#DarwinsBalls, Bracketology and some half-cocked statistics.
Before you read, head over to Gerty-Z's blog post about #DarwinsBalls and see how you can help contribute to science in classrooms. I am a poor graduate student and I've donated $20 total thus far. I know you can too.
I love sports. Maybe more so, I love sports stats. They astound me. How people can be so involved with numbers and the beauty of statistics applied... it's awesome. I thank one calculus professor I had, Tom Falbo at Santa Rosa Junior College, who always jabbered about baseball and how baseball and stats are married. It wasn't until years after his class I found that out.

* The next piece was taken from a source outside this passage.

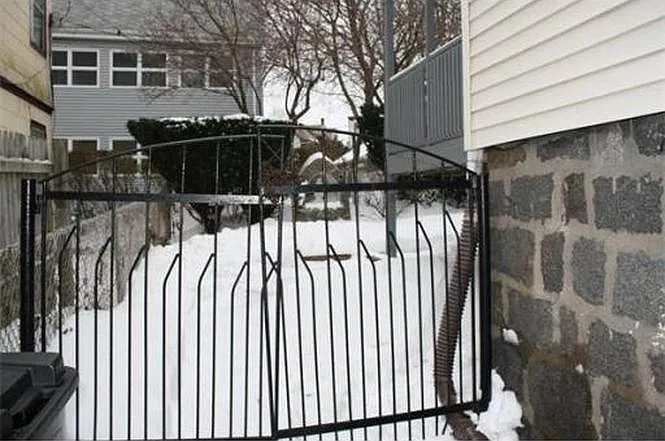 27 Becket St — Photo 19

The place I like tinkering with stats the most is definitely the NCAA Division 1 Men's Basketball Championship Tournament, or as it's known in most places: March Madness. It's a handful of days (mostly weekends) in March where the best college basketball teams in the nation compete. It's also a testament to inter-conference play and how being the best in one conference (e.g. SEC, Big 10, PAC-12, etc.) might not mean you're the best in the nation.

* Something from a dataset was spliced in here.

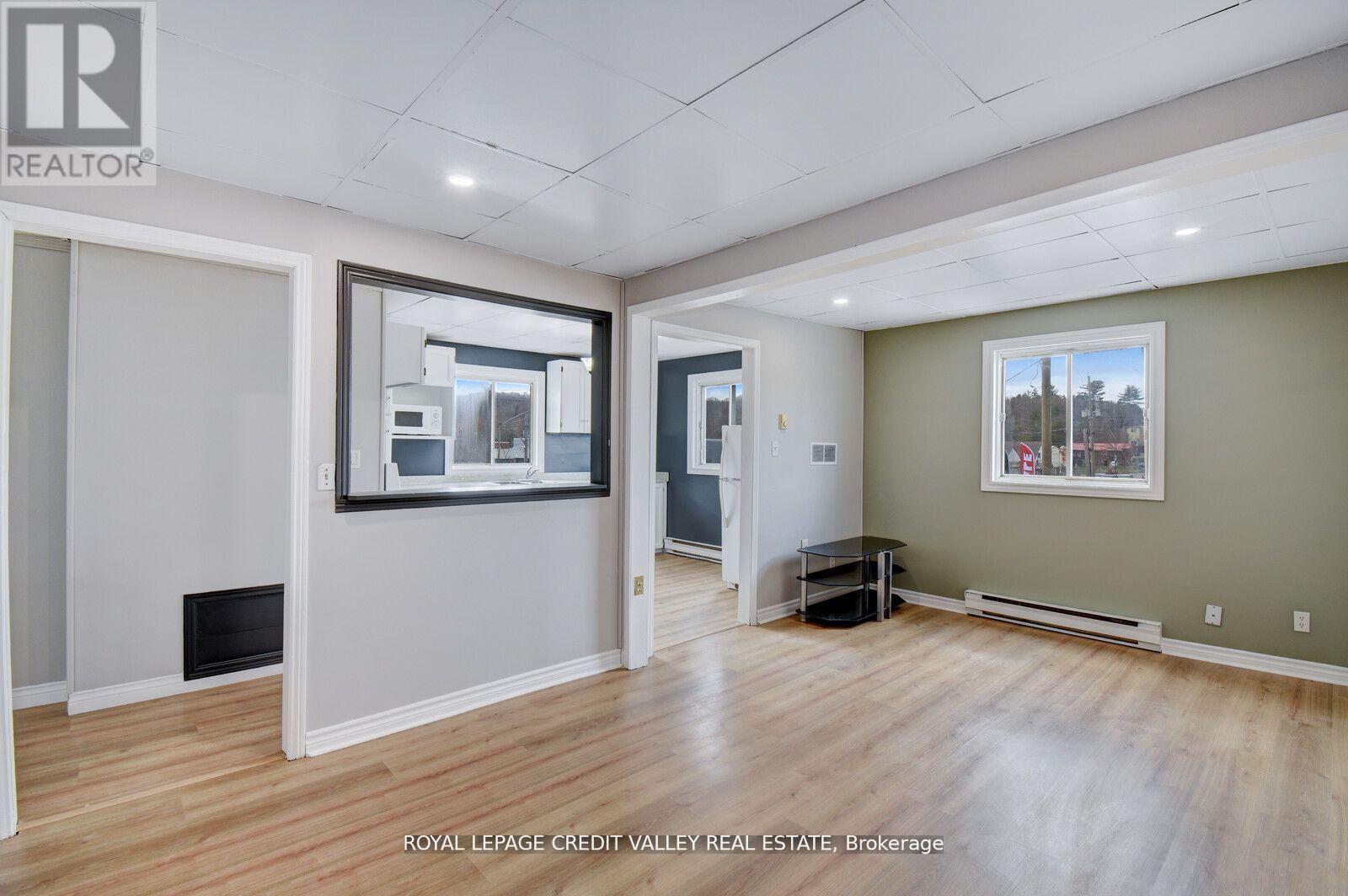 105 HASTINGS STREET N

The tournament itself consists of 64 teams in a single-elimination tournament. If you win, you play on, if you lose you are eliminated from the tournament. Many people try to choose the best teams out of these 64, usually called "bracketing" or putting together your bracket (the tournament "bracket" refers to how the teams are matched up to each other and how teams advance to play subsequent winners). Most brackets are guess-work or subjective choosing, but I have taken to the statistics of each team and put together two analyses to make my analysis this year. Every year I tweak my formula a little. These are my 2014 formulas:
2014 Offensive Analysis
First, we have to set a limit to who we will include into the stats. In a game, only ~9 players per team rotate in to the game. On a typical college basketball roster, there are ~14 players on a team, ranging from 11 players to as many as 18 players. In most cases, the 9 players who score the most points account for >90% of the team statistics. So, all of my team stats are based off of the top 9 players based upon contribution in points over the season.
Before I continue, my stats all come from Sports Reference: College Basketball. It's the go-to place for free stats.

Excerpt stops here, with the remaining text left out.